三代目桂米朝さんが亡くなりました。
もう、様々なところで偉業は語られており、今さらですが、戦後ほとんど消えかけた上方落語を復興させた最大の功労者であることに異を唱えるものはいません。
そして、 米朝の死によって、上方落語の真髄を語れる落語家は再びほとんどいないという状況に戻ってしまったことも、大変残念なことです。現存する「師匠」と呼ばれているような方は、もはや「お笑い芸人」の域を出るものではありません。
高校生の頃に、落語にはまったとき、江戸落語とは違う上方落語にも大変興味を持ったものです。当然、その中心は米朝、三代目桂春團治、六代目笑福亭松鶴でした。
中でも米朝は、賑やかで勢いがある関西弁ですが、一定の品があり、芸としての完成された世界は、一聴して引き込まれる魅力がありました。研究者としての知識だけなら学者ですが、それを実演するための演技者としての力量とのバランスは絶品でした。
大変多くのレパートリーがありましたが、やはり「地獄八景亡者戯(じごくはっけいもうじゃのたわむれ)」は、最も有名な演目でしょう。

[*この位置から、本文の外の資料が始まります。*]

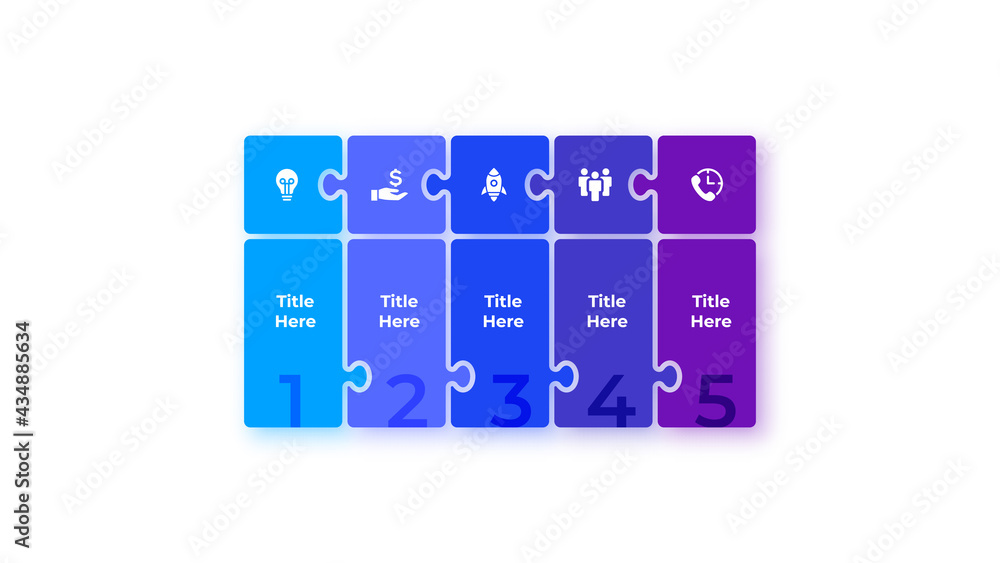 Poster infographic puzzle design template. modern vector illustration. concept of 5 steps or options of bus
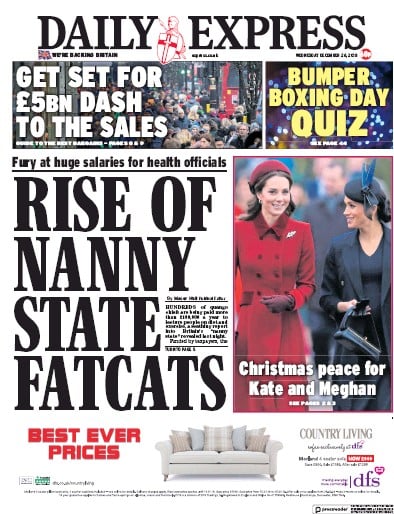 Daily Express Newspaper Front Page (UK) for 26 December 2018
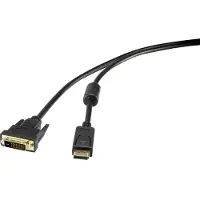 Renkforce DisplayPort / DVI Adapterkabel DisplayPort Stecker, DVI-D 24+1pol. Stecker 0.50 m Schwarz RF-3301148 schraubb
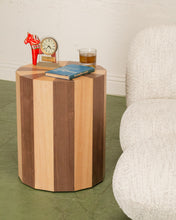 Load image into Gallery viewer, Round Two Toned Wood Side Table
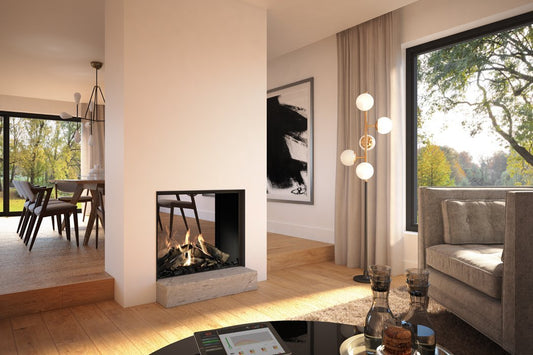 DRU Maestro 75 Tunnel Eco Wave in moderne woonkamer met open haard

上方落語には旅噺と呼ばれるジャンルがあり、その中でも最も長尺で難しいと言われています。
米朝が、散逸していたエピソードをこつこつと集めて、現代的な感覚もうまく混ぜて再構成したことは良く知られています。
最近は「落語ブーム」みたいなことが言われていますが、自分の知っている昭和の落語からすれば、芸としての熟練度は到底及ぶものではなく、江戸だけではなく桂米朝の死によって上方落語も終わった感があることが大変寂しく思います。